- **Task goal**: Keep to one stretch of the data below, the lines from the one with "Christopher Esber - Crimped" up to and including the one with "Пижама из вафельной", and return that stretch exactly.

- **Extracted records**:
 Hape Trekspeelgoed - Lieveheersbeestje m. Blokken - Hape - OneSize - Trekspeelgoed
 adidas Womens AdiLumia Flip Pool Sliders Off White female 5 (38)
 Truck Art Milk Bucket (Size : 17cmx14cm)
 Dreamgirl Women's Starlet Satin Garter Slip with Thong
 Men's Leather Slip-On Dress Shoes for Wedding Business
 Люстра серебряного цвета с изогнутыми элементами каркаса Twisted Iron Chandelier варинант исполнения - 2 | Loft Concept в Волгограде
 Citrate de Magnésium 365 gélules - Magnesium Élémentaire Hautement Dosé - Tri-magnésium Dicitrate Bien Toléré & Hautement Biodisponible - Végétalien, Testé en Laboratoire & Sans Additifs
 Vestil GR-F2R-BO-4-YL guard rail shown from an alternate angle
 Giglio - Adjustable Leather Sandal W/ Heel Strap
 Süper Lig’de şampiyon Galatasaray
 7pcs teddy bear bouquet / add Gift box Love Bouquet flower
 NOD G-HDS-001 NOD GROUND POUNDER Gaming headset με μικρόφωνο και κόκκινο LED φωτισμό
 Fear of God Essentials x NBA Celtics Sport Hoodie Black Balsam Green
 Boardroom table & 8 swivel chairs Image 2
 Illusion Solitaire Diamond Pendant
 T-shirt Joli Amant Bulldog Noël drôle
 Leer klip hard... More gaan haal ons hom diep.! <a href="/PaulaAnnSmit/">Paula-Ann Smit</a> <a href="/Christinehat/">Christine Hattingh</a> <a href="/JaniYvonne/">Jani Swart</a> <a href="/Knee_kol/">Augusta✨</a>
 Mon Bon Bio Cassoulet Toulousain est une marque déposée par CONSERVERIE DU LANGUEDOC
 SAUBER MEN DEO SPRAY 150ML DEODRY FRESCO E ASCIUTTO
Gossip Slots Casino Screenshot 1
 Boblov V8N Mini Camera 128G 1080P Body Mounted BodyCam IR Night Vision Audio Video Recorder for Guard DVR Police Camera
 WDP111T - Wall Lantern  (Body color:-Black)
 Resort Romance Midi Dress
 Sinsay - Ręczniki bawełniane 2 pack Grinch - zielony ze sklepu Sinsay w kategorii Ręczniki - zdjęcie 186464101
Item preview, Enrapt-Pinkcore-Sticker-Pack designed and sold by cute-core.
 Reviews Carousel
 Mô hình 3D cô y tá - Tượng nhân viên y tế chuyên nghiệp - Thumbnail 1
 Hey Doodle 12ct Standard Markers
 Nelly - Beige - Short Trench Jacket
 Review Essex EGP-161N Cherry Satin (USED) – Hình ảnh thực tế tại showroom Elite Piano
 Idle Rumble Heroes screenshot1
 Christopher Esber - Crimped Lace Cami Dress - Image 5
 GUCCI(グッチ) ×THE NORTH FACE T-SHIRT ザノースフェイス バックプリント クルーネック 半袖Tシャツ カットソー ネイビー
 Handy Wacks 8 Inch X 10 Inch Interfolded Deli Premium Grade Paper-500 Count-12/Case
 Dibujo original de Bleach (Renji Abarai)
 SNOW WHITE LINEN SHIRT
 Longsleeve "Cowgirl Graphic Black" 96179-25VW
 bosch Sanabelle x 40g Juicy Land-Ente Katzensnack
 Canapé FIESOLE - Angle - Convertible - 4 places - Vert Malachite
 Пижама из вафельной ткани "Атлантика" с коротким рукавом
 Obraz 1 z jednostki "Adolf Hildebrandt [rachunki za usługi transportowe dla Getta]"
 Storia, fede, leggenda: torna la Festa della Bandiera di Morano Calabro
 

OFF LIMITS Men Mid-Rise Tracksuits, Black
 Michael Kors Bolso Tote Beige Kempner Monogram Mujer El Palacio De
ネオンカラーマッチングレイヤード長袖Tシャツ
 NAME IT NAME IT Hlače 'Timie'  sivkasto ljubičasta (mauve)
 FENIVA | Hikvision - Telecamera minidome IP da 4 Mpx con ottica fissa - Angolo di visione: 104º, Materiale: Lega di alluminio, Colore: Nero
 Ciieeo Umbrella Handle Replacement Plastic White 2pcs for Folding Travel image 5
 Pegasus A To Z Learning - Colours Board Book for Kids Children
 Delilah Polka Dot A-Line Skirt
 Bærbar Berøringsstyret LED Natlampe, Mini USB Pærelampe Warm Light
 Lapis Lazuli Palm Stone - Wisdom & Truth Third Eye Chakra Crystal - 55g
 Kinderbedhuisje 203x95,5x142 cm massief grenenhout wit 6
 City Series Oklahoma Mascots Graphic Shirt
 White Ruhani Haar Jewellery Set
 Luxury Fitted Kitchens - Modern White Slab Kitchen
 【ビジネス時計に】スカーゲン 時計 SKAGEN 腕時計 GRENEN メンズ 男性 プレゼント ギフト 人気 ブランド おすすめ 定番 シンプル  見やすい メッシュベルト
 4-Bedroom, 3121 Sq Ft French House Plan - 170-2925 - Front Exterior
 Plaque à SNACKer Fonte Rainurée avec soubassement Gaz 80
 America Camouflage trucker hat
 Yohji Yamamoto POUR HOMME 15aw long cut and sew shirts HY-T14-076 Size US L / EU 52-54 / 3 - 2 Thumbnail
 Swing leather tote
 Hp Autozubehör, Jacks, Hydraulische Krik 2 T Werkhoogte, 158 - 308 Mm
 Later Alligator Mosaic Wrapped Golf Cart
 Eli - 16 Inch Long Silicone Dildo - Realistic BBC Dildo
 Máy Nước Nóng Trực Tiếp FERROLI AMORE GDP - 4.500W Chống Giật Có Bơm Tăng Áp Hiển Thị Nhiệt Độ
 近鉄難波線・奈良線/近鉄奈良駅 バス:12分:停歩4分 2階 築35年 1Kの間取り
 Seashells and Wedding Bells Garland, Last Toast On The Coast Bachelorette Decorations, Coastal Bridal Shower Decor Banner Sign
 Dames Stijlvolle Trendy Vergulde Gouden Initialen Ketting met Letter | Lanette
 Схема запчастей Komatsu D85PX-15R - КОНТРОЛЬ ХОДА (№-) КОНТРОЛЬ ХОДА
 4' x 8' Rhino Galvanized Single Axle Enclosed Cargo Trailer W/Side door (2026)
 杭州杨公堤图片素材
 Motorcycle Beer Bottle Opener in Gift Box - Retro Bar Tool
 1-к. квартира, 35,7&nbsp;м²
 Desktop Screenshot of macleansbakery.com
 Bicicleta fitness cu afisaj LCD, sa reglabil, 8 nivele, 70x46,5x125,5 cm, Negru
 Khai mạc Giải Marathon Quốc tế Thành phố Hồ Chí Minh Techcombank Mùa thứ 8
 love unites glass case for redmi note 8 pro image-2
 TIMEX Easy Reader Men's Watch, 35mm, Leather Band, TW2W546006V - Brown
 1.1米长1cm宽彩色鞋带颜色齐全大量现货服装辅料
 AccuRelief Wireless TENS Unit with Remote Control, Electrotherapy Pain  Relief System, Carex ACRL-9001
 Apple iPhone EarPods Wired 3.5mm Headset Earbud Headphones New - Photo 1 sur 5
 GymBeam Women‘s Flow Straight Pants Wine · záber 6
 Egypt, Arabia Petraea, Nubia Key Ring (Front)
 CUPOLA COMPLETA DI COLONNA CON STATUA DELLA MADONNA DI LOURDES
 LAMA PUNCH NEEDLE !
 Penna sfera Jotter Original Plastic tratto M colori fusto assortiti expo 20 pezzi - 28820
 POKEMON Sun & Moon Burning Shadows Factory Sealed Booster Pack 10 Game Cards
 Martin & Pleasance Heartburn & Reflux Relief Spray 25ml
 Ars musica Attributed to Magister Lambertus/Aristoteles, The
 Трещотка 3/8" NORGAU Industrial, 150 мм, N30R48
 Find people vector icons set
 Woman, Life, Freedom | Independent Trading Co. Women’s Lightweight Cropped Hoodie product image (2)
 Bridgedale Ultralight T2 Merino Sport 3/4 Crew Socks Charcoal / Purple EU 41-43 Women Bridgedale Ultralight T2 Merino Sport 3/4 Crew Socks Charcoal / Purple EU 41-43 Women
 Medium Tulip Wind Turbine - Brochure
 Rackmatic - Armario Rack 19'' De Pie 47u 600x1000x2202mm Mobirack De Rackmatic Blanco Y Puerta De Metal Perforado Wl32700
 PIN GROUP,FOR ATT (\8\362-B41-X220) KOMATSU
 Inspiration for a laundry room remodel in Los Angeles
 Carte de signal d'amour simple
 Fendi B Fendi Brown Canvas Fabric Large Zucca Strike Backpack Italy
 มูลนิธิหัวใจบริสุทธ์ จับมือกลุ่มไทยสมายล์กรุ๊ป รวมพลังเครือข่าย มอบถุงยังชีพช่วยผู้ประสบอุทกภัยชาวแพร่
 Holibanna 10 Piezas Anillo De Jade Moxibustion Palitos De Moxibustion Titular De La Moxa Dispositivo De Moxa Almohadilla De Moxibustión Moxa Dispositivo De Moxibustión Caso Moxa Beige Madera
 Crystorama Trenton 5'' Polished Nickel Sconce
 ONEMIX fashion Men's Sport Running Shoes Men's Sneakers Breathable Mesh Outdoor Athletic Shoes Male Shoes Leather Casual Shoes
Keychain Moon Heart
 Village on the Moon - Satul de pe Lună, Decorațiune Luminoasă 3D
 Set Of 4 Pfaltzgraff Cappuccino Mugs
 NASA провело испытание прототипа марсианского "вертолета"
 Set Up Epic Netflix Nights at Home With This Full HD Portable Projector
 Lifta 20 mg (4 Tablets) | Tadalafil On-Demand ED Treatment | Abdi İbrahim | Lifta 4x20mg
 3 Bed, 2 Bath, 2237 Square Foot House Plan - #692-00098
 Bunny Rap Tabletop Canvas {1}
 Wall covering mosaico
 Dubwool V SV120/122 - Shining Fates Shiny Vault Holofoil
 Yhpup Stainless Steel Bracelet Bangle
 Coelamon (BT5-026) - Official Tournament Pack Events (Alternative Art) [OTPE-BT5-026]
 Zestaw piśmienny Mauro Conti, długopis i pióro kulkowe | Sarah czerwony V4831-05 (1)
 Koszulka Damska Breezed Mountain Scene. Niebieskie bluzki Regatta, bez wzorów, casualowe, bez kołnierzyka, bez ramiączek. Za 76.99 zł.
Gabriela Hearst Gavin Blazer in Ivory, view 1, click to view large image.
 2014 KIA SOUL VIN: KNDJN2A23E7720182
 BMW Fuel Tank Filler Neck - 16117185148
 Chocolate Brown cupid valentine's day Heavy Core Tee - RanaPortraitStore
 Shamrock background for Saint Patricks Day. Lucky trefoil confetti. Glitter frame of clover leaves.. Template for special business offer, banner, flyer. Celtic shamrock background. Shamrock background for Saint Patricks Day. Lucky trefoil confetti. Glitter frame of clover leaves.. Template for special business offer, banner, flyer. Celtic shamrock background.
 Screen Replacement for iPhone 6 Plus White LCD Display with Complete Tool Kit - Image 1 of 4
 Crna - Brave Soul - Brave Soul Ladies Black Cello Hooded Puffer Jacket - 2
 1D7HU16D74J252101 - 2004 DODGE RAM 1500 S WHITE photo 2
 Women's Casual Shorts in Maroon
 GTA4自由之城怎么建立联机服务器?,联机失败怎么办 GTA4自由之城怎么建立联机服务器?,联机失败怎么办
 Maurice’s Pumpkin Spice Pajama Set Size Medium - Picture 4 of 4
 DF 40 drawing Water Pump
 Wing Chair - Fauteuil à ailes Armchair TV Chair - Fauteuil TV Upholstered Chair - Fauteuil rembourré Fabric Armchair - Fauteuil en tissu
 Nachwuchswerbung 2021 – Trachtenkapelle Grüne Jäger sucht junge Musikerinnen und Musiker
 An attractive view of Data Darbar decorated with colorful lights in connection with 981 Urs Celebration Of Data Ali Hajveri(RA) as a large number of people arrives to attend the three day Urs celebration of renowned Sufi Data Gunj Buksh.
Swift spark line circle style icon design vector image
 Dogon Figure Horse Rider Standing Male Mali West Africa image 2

- **Answer section**:
 Christopher Esber - Crimped Lace Cami Dress - Image 5
 GUCCI(グッチ) ×THE NORTH FACE T-SHIRT ザノースフェイス バックプリント クルーネック 半袖Tシャツ カットソー ネイビー
 Handy Wacks 8 Inch X 10 Inch Interfolded Deli Premium Grade Paper-500 Count-12/Case
 Dibujo original de Bleach (Renji Abarai)
 SNOW WHITE LINEN SHIRT
 Longsleeve "Cowgirl Graphic Black" 96179-25VW
 bosch Sanabelle x 40g Juicy Land-Ente Katzensnack
 Canapé FIESOLE - Angle - Convertible - 4 places - Vert Malachite
 Пижама из вафельной ткани "Атлантика" с коротким рукавом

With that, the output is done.